ダライ・ラマ14世『Inner World』
これは2020年の中でも最もセンセーショナルな出来事のひとつだろう。
チベット仏教の指導者、ダライ・ラマ14世(Dalai Lama)の85歳の誕生日にあたる7月6日、彼のデビューアルバム『Inner World』がリリースされた。
…とはいっても、もちろんこのチベット仏教の最高指導者が突如音楽家として覚醒したというわけではない。
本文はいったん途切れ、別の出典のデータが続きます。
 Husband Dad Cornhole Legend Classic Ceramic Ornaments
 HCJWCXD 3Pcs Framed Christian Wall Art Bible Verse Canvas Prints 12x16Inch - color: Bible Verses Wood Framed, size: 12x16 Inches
音楽自体はニュージーランド出身のジュネル・クニン(Junelle Kunin)とエイブラハム・クニン(Abraham Kunin)の夫妻によって制作されている。このアイディアをダライ・ラマに粘り強く提言し、ついに承諾を得たジュネル・クニンが亡命先のインド・ダラムサラに赴き法王に謁見。現地でマントラや法王の教えを収録して持ち帰り、その声にあわせる形で音楽家/プロデューサーの夫エイブラハムの協力を得て作曲を進めたということだ。
制作には実に5年の期間を費やしている。
作品はアコースティック楽器やシンセサイザーを主体とした瞑想的でゆったりとしたサウンドで進行し、ダライ・ラマ法王自身による語りやマントラが深い精神的世界へ誘う。
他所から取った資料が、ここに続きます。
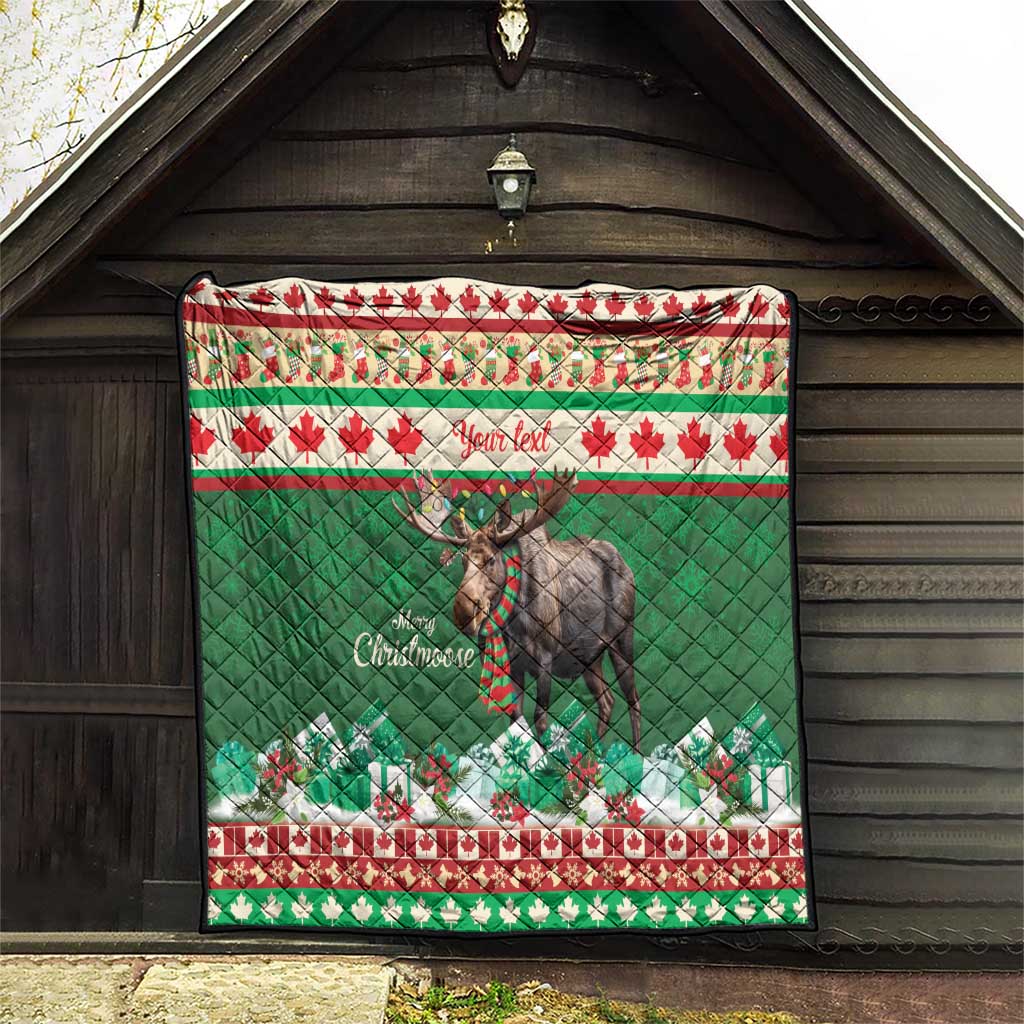 Personalized Merry Christmoose Quilt Canada Merry Christmas Moose - Wonder Print Shop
アルバムにはインドを代表するシタール奏者、アヌーシュカ・シャンカール(Anoushka Shankar)もゲスト参加し、シタールの豊かな倍音を思慮深く響かせる。
発案者であり、仏教徒でもあったジュネル・クーニンはニュージーランドの銀行での仕事にストレスを感じており、心を落ち着かせるためにダライ・ラマの教えを取り入れた音楽を探したが、オンラインでは見つけることができなかった。
ミュージシャンでもあった彼女はダライ・ラマの事務所に法王の音楽を作ることを提案したが、最初は丁重に断られたという。
しかしそれでも諦めなかった彼女はインドに旅行した際にダライ・ラマに会えるチャンスがある場所に行き、ダライ・ラマの弟子のひとりに手紙を託した。この熱意が法王に伝わり、このチベット仏教の精神的指導者による“デビューアルバム”がついに実現した。
ここではチベット仏教のマントラなどがフィーチュアされているが、このアルバムは宗教的なプロジェクトではない、とジュネル・クニンは語っている。このアルバムは癒しを必要とする現代に生きる全ての人々への贈り物なのだ。
ダライ・ラマ14世は、このプロジェクトに参加した理由として「私の人生の目的は、できる限り人々に奉仕することです」と答えている。